Given data Block Start

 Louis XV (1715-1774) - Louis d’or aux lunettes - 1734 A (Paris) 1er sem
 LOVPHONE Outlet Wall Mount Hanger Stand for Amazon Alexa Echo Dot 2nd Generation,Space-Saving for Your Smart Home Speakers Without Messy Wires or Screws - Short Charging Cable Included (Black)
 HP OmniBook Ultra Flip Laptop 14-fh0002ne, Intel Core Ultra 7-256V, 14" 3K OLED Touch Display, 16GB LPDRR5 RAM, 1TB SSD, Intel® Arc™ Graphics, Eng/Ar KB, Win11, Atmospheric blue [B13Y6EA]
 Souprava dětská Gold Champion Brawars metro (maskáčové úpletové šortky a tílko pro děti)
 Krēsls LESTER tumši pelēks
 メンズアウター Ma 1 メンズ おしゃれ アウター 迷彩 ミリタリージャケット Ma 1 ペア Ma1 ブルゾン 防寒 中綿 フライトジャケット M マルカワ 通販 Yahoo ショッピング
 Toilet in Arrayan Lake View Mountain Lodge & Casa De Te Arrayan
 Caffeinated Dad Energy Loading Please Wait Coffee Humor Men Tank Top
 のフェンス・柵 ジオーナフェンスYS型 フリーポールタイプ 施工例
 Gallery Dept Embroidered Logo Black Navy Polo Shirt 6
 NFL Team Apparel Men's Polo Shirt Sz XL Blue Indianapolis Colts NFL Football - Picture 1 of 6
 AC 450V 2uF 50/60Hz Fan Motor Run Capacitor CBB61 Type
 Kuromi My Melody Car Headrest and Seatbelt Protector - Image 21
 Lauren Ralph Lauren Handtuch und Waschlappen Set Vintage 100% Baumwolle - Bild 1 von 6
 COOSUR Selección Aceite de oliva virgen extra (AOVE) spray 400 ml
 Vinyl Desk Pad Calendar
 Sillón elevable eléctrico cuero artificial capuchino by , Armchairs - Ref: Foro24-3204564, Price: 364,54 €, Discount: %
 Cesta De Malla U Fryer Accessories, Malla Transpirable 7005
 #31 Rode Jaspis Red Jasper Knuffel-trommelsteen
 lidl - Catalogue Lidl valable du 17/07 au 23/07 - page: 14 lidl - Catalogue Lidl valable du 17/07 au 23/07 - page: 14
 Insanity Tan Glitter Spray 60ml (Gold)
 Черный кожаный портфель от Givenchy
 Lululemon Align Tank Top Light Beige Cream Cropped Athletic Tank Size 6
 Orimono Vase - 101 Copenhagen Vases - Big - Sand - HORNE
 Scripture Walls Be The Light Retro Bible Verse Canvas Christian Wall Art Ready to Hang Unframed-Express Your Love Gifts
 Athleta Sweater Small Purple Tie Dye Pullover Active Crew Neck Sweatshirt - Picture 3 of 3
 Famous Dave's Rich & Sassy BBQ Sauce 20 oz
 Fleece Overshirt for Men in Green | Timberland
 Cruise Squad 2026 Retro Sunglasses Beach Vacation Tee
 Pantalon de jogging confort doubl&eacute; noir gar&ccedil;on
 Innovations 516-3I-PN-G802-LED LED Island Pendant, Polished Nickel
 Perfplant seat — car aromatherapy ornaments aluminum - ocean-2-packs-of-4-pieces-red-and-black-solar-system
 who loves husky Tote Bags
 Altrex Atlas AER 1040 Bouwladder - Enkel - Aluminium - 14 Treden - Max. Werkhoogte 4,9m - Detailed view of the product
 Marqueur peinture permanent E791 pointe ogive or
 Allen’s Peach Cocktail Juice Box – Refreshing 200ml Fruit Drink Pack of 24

Given data Block End

### Goal of the exercise:
The task calls for every line of the material that contains the string "Wall".

### Your response:
 LOVPHONE Outlet Wall Mount Hanger Stand for Amazon Alexa Echo Dot 2nd Generation,Space-Saving for Your Smart Home Speakers Without Messy Wires or Screws - Short Charging Cable Included (Black)
 Scripture Walls Be The Light Retro Bible Verse Canvas Christian Wall Art Ready to Hang Unframed-Express Your Love Gifts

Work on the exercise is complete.